ラフィーはその逆。思うように力を込められないわけだ。
「それにあの背中、相当硬い」
見掛け倒しではない岩の塊は、剣を弾き返すほどの強度を誇る。突破は不可能。狙うべきは岩に覆われていない腹部だろう。
どう狙おうか、とラフィーが思考を深めようとするが。そんな暇は与えないと言わんばかりに、魔物は回転を開始。瞬く間に地面を削ると、レイスを蹴散らさんと加速する。
「ラフィー、俺が隙を作るからあとは頼む!」
「分かった!」
レイスは恐怖を押し殺して向かってくる魔物を見据え、地面に手をつく。岩石が多いこの場においては、地形的不利などレイスには関係ない。
「『変形』」
発動した錬金術によって、魔物の真下の地面が急激に隆起する。転がっていた勢いもあり、魔物は天高く打ち上げられた。
「おおー!」
ルリメスの歓声が響く中、ラフィーもまた跳躍。魔物の真下まですぐに追いつくと、そのまま無防備な腹部へ剣を突き刺した。
魔物の悲鳴が上がり、やがて地面へと落下する。ドスンという重い音が響いたあと、ラフィーの軽やかな着地音が続いた。

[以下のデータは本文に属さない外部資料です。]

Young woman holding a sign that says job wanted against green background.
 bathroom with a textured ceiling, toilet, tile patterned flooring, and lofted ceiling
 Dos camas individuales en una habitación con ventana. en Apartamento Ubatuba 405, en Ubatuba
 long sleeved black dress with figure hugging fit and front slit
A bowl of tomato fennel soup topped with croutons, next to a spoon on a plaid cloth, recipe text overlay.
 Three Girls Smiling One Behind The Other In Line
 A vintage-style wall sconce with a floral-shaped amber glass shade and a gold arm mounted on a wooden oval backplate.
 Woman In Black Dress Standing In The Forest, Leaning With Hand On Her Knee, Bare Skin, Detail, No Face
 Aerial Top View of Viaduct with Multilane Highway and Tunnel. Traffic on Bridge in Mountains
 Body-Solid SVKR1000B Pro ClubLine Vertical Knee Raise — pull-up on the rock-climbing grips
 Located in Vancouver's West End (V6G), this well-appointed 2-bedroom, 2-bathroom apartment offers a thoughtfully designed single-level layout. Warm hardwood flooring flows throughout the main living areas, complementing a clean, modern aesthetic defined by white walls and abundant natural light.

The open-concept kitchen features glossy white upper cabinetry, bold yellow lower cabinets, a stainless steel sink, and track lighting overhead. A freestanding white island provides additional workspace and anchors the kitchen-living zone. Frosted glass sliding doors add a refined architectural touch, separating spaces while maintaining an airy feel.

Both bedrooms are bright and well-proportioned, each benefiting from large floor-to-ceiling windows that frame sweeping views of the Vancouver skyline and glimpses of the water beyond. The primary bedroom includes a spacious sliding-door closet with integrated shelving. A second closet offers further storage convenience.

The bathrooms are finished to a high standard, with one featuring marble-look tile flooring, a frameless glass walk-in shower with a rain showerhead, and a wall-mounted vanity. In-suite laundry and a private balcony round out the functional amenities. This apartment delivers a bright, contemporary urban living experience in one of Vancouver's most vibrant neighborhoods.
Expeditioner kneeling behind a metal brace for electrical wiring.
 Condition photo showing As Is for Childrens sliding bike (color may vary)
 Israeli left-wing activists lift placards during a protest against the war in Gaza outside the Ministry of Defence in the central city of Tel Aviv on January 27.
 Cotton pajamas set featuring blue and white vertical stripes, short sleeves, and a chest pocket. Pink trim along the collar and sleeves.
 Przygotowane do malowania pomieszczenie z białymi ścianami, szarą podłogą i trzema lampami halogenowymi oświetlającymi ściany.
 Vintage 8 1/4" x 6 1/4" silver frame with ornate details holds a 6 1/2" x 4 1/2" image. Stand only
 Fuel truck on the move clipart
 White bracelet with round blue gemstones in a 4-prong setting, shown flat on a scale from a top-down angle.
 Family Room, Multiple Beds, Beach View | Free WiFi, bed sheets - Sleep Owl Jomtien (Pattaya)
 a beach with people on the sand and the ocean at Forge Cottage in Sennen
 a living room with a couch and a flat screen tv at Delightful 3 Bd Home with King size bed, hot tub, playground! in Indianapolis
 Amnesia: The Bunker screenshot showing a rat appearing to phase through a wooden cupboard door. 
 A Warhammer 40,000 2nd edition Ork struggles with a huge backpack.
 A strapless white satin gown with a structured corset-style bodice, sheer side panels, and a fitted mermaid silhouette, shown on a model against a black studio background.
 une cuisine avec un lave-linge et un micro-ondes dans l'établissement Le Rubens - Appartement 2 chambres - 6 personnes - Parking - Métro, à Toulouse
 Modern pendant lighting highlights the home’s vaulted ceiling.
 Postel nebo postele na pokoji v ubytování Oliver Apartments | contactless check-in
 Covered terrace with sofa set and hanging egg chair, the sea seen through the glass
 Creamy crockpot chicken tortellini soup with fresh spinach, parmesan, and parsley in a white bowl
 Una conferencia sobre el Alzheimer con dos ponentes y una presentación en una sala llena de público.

魔物が動く様子はなく、ぐったりと仰向けに倒れている。
「ふぅ……危なかった」
絶命した魔物を見て、レイスは額の汗を拭う。軽い気持ちで行動した結果、酷い目にあった。責めるようなラフィーの視線に苦笑を返し、軽く頭を下げる。
「でも、これを続けたらもしかしたら精霊が出てきたり……なんてないですよねごめんなさい」
ラフィーの絶対零度の視線に屈し、即座に提案を覆すレイス。守ってもらう立場である以上、文句は言えない。とりあえず歩くしかないと、再び五人は火山を登り始めた。